Archive for November, 2009

Metacat – analogies and awareness

Monday, November 2nd, 2009

After experimenting with metacat in class and later over the weekend i just have to say metacat’s ability to “analyze” and justify its solutions to problems its just really really cool. When experimenting with metacat later i tried to “trick” it to make a conclusion that there was no solution. I entered in a->b and then asked metacat to determine what z would go to. My goal was to see if metacat was able to see that there is no other letter to send z to and thus no solution. While this seems like one of those problems that Doug’s kid would laugh at, for a program to understand why there is no solution is quite remarkable.

Additionally, i am still contemplating the two schools of thought about how ai should function. I do see how metacat’s self awareness and ability to recall is like how i would look at a problem but i still am struggling to see how the other program can produce valid results with out using these qualities.

On a side note i absolutely love that the program has a personality and when justifying its answers it has hilarious responses!

You can go east, northeast, or southeast. Where do you go?

Monday, November 2nd, 2009

I thought the program sounded intriguing (sorry, I had to say it!); and it sort of reminded me of those text adventure games because it has a running commentary. After playing with it, I got kind of bored; it’s just letters that you type into the program to see what patterns it can make. I didn’t see how it could be helpful, so I reread the paper and found this: “Rather, strings should be viewed as representing idealized situations involving abstract categories and relations” (8). However, I’m still having trouble thinking of what sort of situations this would entail… Is it just what we talked about in class regarding the analogy web of Nixon-war-hippies-drugs?

Also, I was disappointed when the program couldn’t come up with a satisfactory (by its own standards) answer to the first problem with which I presented it – I think it may have been something really similar to the first example shown in the paper, a string from the xyz family. Unfortunately I can’t remember exactly what input I gave, but I know that it didn’t respond with what I thought was an obvious answer. I thought that the program was supposed to give obvious answers and also clever answers that aren’t immediately apparent to us.

Overall, though, I was impressed with the program’s ability of self-awareness, and that it can change its own concepts and analogies, which are stored in its memory (also impressive), into ones that it finds more helpful as it continues to run.

Metacat – it’s a Copycat that philosophizes about itself! O_O

Sunday, November 1st, 2009

Originally I was going to wait and see what others posted so I could respond. Apparently this is not in the cards. So… The Metacat paper was intriguing. (Yes Doug, I know I need to elaborate on the word.)
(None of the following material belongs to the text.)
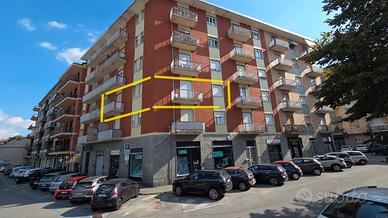 Rivoli centro - 120mq, tripla esposizione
In class we covered a lot of pertinent points regarding the Metacat paper: mostly what made Metacat so important to emergence as well as what the differences between Metacat and other models that had come before. I’m fascinated by the different categorizations required to look at the “world” of Metacat. Introducing the idea of having a computer make decisions for itself regarding analogies also emphasizes that the old categorization methods of “Reagan::parents as drugs::candy” does not make sense as the categorization itself is based on something totally different from the computer’s perspective. This seems to stress the fact that computers do not “think” in ways that humans do, but also takes advantage of how a computer “thinks” in order to interpret and create analogies. In this instance, Metacat is really awesome because of “self-awareness” in which there is an additional component of memory. The introduction of bias, even if it is small (as we discussed with the segregation model that was mentioned in class previously) has a noticeable effect on the outcome of a given test. Therefore, the weights are still important, yet useless without the memory implemented by the Metacat model. In this self-referencing in order to look towards the future Metacat is amazingly more concise. Instead of looking only at the present (as seen by most previous models) to springboard to the future speculation, there is also a reference check of past attempts, which makes for a far stronger model of emergence. (We noticed this problem of “no looking back” when we attempted to use the gaca.py to match a string.)

Okay… I think I’m starting to get incoherent, so I’ll sign off for now.